── DATA ──

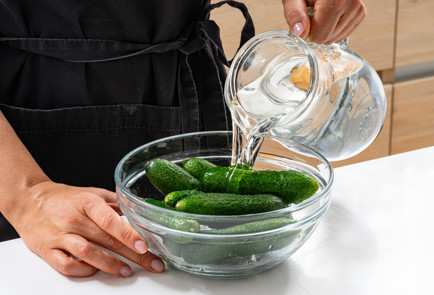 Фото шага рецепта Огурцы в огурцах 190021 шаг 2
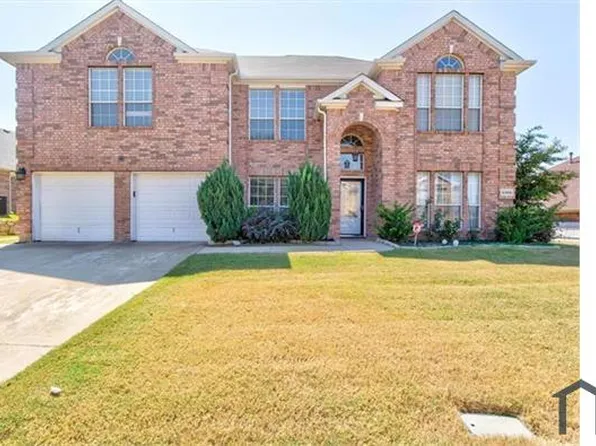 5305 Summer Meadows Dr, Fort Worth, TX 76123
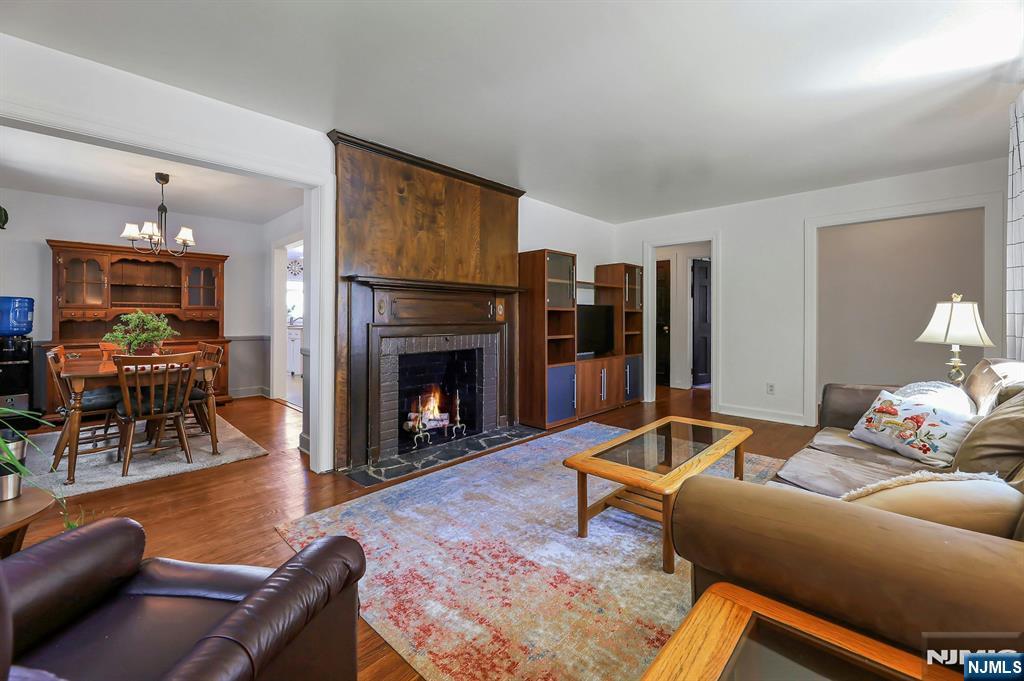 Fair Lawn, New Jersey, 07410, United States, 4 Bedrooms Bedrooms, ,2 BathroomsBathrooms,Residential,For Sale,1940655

───
── DATA ──

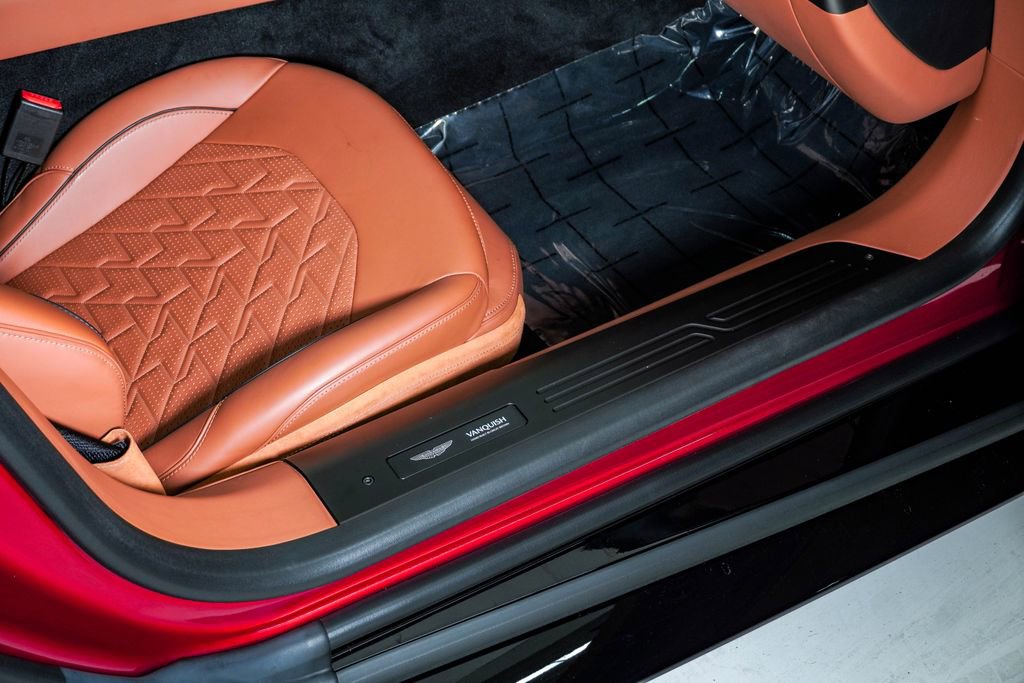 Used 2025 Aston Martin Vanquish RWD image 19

───
── DATA ──

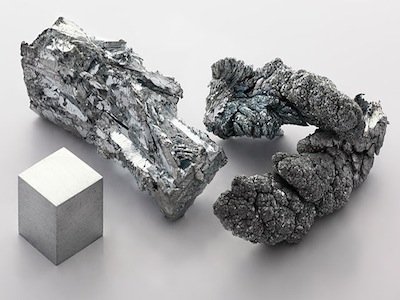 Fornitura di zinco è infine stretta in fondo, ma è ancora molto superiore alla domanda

───

_TASK DETAILS:_ Reproduce, word for word, everything in the listing above from the line containing "Фото шага рецепта" down to the line containing "Fair Lawn, New", both of them included. No pictures.

_PROBLEM SOLUTION:_
 Фото шага рецепта Огурцы в огурцах 190021 шаг 2
 5305 Summer Meadows Dr, Fort Worth, TX 76123
 Fair Lawn, New Jersey, 07410, United States, 4 Bedrooms Bedrooms, ,2 BathroomsBathrooms,Residential,For Sale,1940655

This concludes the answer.